The entertainment industry's power structure is shifting, and Europe's biggest players are getting a blunt wake-up call: adapt or die.

Speaking at the NEM Dubrovnik conference in Croatia, Antenna Group CEO Henning Tewes told industry delegates they must "bulk up" and "create gravity" to compete with American studios and tech companies reshaping global media, according to Deadline.

The Greek media executive is blunt about the crisis facing European broadcasters and streamers. While Hollywood consolidates power and tech giants invest billions in original content, smaller regional players fall behind.

Tewes outlined six major trends defining the future of European entertainment, including a potential cinema recovery and renewed focus on content that breaks through the clutter. The implication is clear: create mass-appeal hits or fade.

The timing is sharp.
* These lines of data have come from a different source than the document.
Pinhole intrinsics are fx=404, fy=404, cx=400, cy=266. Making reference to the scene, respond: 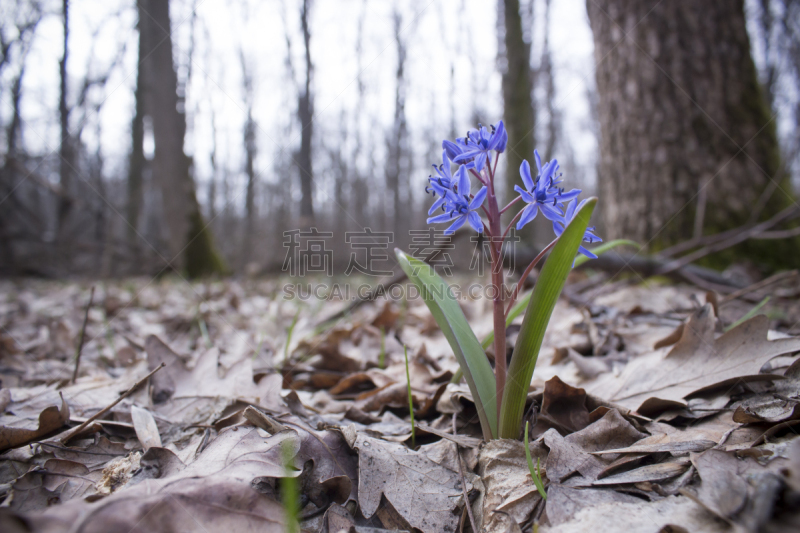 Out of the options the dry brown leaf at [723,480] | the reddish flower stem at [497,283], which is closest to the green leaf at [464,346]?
the reddish flower stem at [497,283]

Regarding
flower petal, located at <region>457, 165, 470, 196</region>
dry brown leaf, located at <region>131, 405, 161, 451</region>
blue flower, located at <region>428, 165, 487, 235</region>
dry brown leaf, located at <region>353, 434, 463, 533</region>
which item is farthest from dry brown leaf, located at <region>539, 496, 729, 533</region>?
dry brown leaf, located at <region>131, 405, 161, 451</region>

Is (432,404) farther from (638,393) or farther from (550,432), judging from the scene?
(638,393)

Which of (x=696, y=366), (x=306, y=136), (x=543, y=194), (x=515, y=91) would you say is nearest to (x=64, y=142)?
(x=306, y=136)

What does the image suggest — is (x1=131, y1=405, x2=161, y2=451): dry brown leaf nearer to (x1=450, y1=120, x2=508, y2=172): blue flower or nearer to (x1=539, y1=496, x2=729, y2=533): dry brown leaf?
(x1=539, y1=496, x2=729, y2=533): dry brown leaf

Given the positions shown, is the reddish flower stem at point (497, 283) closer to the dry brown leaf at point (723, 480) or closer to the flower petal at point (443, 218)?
the flower petal at point (443, 218)

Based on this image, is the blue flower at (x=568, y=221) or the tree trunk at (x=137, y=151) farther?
the tree trunk at (x=137, y=151)

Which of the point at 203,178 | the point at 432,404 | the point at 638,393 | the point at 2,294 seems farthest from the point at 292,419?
the point at 203,178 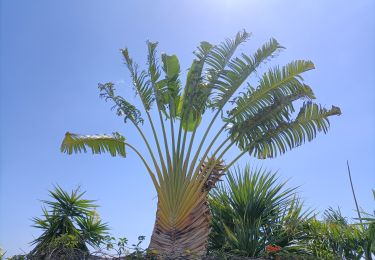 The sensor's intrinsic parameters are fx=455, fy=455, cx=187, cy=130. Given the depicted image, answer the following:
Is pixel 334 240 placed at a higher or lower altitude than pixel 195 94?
lower

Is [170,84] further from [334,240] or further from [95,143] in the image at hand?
[334,240]

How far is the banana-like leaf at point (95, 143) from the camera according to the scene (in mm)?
11039

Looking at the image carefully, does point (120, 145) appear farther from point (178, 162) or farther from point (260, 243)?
point (260, 243)

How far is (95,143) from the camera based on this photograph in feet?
36.7

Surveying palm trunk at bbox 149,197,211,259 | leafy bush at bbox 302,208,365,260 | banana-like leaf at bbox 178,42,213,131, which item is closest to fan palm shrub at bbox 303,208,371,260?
leafy bush at bbox 302,208,365,260

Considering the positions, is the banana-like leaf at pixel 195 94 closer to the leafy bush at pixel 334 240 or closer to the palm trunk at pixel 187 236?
the palm trunk at pixel 187 236

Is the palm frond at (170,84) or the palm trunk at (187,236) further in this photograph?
the palm frond at (170,84)

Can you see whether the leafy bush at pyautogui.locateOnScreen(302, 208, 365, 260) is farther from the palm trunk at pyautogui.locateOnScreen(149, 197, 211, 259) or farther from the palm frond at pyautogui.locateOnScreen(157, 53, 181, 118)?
the palm frond at pyautogui.locateOnScreen(157, 53, 181, 118)

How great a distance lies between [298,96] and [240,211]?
9.92 feet

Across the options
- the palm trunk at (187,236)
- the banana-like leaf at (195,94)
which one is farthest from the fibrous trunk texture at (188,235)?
the banana-like leaf at (195,94)

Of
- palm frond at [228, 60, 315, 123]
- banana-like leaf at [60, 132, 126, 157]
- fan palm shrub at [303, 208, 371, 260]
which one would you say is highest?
palm frond at [228, 60, 315, 123]

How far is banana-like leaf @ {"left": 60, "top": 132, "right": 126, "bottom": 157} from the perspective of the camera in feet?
36.2

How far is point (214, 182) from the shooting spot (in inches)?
416

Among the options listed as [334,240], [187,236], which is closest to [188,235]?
[187,236] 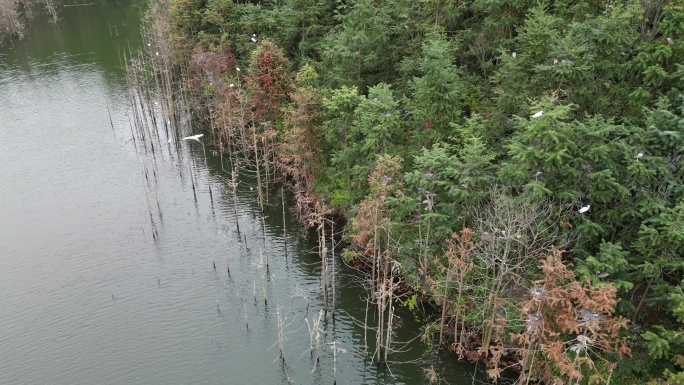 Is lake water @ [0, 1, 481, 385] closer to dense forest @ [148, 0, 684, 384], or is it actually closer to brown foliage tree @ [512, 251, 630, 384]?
dense forest @ [148, 0, 684, 384]

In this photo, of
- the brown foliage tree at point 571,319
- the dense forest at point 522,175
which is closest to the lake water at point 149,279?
the dense forest at point 522,175

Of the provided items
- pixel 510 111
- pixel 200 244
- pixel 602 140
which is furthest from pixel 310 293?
pixel 602 140

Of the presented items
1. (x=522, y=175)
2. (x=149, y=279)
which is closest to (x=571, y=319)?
(x=522, y=175)

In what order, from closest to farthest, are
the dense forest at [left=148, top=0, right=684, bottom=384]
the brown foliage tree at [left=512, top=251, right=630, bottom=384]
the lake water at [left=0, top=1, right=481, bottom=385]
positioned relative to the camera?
the brown foliage tree at [left=512, top=251, right=630, bottom=384] < the dense forest at [left=148, top=0, right=684, bottom=384] < the lake water at [left=0, top=1, right=481, bottom=385]

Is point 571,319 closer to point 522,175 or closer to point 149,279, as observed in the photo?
point 522,175

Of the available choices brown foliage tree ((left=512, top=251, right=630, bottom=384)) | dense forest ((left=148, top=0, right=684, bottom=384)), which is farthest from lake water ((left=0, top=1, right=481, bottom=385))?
brown foliage tree ((left=512, top=251, right=630, bottom=384))

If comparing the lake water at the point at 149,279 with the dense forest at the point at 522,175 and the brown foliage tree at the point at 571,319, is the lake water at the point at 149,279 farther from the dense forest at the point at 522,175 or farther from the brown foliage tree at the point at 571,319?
the brown foliage tree at the point at 571,319

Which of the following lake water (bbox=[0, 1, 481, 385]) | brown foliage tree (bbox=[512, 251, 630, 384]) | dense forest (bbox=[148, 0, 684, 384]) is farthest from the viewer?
lake water (bbox=[0, 1, 481, 385])

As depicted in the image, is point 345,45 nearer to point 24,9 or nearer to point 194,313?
point 194,313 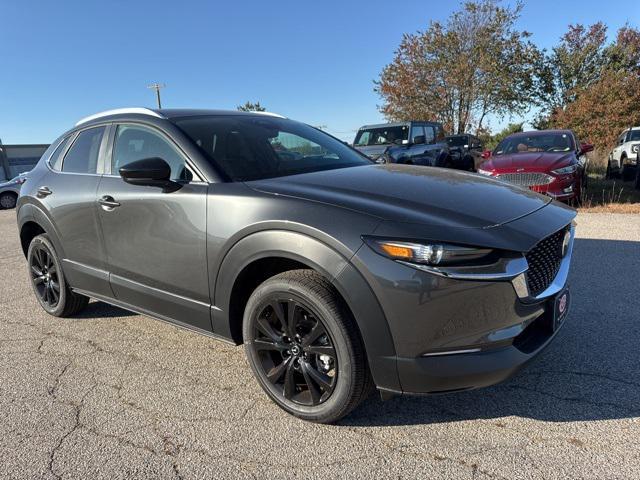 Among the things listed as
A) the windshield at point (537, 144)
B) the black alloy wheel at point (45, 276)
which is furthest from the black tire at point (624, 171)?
the black alloy wheel at point (45, 276)

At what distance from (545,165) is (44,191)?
24.4ft

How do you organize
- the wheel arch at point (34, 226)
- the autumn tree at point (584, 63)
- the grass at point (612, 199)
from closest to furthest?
the wheel arch at point (34, 226) → the grass at point (612, 199) → the autumn tree at point (584, 63)

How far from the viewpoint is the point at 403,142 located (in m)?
11.5

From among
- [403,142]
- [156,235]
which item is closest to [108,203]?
[156,235]

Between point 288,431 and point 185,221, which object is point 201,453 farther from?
point 185,221

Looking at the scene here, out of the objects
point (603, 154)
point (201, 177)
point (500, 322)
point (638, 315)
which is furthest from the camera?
point (603, 154)

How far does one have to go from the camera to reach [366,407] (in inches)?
107

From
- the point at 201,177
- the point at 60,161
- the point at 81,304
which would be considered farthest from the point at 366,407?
the point at 60,161

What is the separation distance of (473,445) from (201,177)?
2078mm

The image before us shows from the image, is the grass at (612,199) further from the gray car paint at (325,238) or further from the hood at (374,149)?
the gray car paint at (325,238)

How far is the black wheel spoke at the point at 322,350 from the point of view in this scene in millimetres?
2391

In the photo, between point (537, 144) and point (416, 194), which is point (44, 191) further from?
point (537, 144)

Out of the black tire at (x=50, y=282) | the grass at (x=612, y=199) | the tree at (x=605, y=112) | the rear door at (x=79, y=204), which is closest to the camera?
the rear door at (x=79, y=204)

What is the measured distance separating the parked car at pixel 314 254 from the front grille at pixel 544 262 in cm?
A: 1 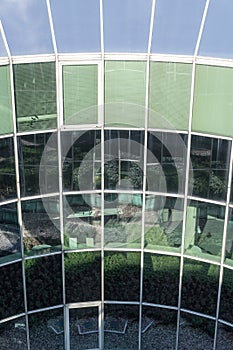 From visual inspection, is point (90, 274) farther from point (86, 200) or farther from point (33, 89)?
point (33, 89)

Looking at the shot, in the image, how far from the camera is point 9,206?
13219 mm

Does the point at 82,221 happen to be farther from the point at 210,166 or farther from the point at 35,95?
the point at 210,166

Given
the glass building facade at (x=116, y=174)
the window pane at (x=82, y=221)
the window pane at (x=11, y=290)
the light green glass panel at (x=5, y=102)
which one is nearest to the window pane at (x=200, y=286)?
the glass building facade at (x=116, y=174)

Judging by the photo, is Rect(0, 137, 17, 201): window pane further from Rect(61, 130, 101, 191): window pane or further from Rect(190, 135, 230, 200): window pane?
Rect(190, 135, 230, 200): window pane

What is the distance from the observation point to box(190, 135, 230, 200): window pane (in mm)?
12617

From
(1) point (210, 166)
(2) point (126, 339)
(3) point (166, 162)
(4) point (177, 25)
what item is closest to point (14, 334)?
(2) point (126, 339)

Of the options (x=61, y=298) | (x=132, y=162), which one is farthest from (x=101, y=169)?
(x=61, y=298)

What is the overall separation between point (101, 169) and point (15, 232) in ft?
10.3

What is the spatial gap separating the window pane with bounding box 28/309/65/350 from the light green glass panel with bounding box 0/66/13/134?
593 centimetres

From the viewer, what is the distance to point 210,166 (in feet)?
42.3

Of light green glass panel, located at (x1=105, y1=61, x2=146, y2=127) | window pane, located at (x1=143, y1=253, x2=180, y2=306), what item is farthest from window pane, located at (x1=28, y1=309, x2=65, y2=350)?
light green glass panel, located at (x1=105, y1=61, x2=146, y2=127)

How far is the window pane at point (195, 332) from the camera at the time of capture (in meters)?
14.2

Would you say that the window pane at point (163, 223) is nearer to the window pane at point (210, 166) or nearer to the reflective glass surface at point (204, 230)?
the reflective glass surface at point (204, 230)

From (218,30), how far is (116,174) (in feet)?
15.9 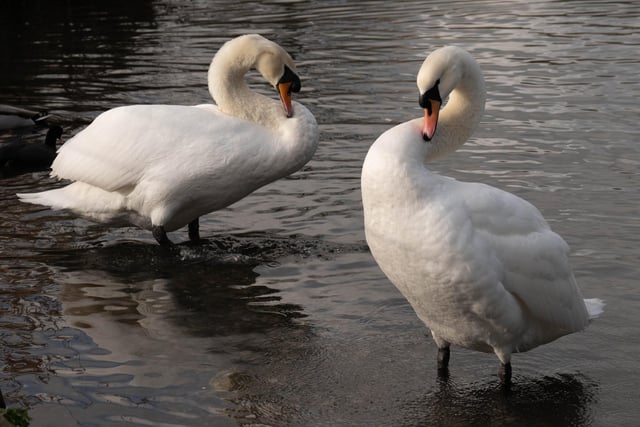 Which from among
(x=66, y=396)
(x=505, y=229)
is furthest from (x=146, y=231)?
(x=505, y=229)

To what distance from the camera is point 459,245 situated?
5332 mm

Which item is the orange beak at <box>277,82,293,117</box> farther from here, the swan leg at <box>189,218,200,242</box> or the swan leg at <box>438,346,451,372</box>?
the swan leg at <box>438,346,451,372</box>

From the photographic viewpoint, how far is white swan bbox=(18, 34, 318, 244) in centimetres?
802

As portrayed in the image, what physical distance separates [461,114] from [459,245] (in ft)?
3.13

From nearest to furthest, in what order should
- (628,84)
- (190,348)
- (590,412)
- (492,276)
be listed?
(492,276)
(590,412)
(190,348)
(628,84)

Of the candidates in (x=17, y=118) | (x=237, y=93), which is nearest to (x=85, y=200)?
(x=237, y=93)

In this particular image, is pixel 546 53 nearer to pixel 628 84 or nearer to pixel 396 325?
pixel 628 84

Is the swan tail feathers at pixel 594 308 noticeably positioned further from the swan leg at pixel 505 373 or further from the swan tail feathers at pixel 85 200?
the swan tail feathers at pixel 85 200

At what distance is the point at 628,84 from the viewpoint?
13672 millimetres

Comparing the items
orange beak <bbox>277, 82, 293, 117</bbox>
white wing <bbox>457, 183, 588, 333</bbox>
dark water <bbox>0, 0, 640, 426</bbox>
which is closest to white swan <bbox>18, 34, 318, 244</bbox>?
orange beak <bbox>277, 82, 293, 117</bbox>

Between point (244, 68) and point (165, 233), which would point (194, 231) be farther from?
point (244, 68)

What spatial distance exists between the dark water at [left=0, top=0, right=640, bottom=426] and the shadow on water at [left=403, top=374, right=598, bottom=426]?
0.04 feet

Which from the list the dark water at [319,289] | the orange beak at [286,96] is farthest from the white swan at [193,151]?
the dark water at [319,289]

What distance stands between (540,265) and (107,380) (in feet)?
7.76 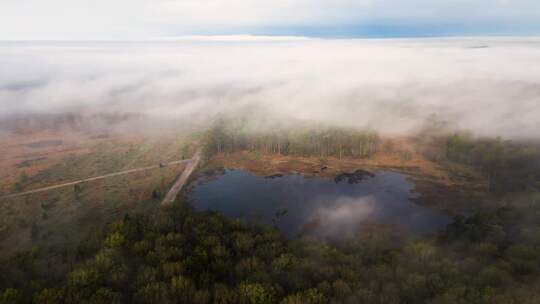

As Netflix, Amazon Prime, and Apple TV+ extend their global reach, European streaming services and traditional broadcasters struggle to compete for viewers and ad revenue. Mergers, acquisitions, and strategic partnerships dominate the landscape.

What gives Tewes' warning weight is his position: Antenna Group operates in Greece, a smaller market, yet he speaks for the broader European challenge. This is not niche industry talk. It is a battle for European entertainment's future.

Whether European studios can actually "bulk up" remains unclear. Some pursue pan-European co-productions and streaming alliances. Others focus on locally rooted content that plays in home markets first, then globally.

The conference speech and subsequent Deadline interview show Tewes pressing the alarm. European entertainment needs a reset—fast.